(Reuters) – The Washington Post said on Tuesday that Executive Editor Martin “Marty” Baron will retire at the end of February, after eight years with the newspaper.
Under Baron and owner Jeff Bezos, the Amazon founder who bought the paper for $250 million in 2013, the Post has expanded its newsroom, broadened its coverage and invested in its digital operations. It now has about 3 million digital-only subscribers, up nearly a million in the last year.
In a memo to staff, Washington Post Publisher and Chief Executive Officer Fred Ryan wrote that Baron has “managed an awesome digital transformation and grown the number of readers and subscribers to unprecedented levels.”

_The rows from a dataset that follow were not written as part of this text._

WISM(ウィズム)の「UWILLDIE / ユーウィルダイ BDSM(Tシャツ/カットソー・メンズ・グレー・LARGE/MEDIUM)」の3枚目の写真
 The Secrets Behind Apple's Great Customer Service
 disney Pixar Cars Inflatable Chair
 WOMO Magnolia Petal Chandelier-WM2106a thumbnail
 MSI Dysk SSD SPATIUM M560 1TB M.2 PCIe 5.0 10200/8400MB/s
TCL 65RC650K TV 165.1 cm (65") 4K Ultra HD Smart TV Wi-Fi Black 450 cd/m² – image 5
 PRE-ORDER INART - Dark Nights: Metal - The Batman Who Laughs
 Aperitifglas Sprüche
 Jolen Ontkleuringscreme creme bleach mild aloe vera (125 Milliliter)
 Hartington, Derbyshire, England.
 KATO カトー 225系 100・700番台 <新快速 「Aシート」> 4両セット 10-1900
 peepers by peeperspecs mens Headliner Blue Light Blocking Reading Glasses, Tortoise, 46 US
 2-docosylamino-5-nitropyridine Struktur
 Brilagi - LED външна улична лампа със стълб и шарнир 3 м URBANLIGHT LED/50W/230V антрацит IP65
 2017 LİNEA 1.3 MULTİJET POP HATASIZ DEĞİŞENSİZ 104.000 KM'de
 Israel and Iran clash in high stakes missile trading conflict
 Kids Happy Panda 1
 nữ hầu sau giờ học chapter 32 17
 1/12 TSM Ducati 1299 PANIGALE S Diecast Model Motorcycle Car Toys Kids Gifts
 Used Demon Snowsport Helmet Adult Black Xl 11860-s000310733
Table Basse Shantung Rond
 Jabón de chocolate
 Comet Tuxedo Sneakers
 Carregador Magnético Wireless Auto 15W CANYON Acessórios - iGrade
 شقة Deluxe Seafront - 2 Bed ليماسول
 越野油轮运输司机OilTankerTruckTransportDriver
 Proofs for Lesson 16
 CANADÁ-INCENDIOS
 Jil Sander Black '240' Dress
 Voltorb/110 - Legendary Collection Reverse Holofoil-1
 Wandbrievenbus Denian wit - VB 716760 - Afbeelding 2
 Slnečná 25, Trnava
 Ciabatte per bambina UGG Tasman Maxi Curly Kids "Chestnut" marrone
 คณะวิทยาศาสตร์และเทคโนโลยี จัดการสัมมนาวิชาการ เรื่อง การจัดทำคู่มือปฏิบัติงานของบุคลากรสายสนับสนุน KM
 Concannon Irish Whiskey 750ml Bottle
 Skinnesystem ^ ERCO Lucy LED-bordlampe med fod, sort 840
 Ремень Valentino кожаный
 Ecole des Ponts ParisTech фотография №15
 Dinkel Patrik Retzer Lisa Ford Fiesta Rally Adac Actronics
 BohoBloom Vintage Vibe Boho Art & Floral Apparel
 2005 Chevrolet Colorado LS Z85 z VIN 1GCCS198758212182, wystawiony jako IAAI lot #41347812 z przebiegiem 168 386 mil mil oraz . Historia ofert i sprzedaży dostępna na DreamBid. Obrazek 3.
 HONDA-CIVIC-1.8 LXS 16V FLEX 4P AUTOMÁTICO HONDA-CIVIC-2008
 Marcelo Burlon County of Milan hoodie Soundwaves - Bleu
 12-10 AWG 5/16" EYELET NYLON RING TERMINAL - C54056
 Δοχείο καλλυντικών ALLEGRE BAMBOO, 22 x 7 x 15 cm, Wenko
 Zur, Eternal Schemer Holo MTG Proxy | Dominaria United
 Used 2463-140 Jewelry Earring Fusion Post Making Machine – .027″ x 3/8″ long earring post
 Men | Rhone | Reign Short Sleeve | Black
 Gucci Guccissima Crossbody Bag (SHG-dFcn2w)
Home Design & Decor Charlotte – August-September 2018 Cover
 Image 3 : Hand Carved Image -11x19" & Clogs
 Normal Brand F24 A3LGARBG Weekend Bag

Baron, 66, expanded the Post newsroom from 580 journalists when he arrived to over 1,000 this year, Ryan wrote. The newsroom won 10 Pulitzer Prizes under his leadership.
During Baron’s tenure, the newsroom also faced controversy over its management of reporters and their social media use. Pulitzer Prize-winning journalist Wesley Lowery, who is Black, left the paper for CBS News last year, allegedly after clashing with Baron over the reporter’s tweets related to race, journalism and other subjects.
The newspaper also briefly suspended reporter Felicia Sonmez after she tweeted a Daily Beast article about rape accusations against basketball player Kobe Bryant following his death in a helicopter crash.
Neither Baron nor the Post could immediately be reached for comment.
Before joining the Post, Baron had been editor of the Boston Globe, and previously held top editing positions at the New York Times, the Los Angeles Times and the Miami Herald. He was portrayed by Liev Schreiber in the Academy Award-winning film “Spotlight,” which depicted the Globe’s investigation of sexual abuse by priests within the Boston Archdiocese.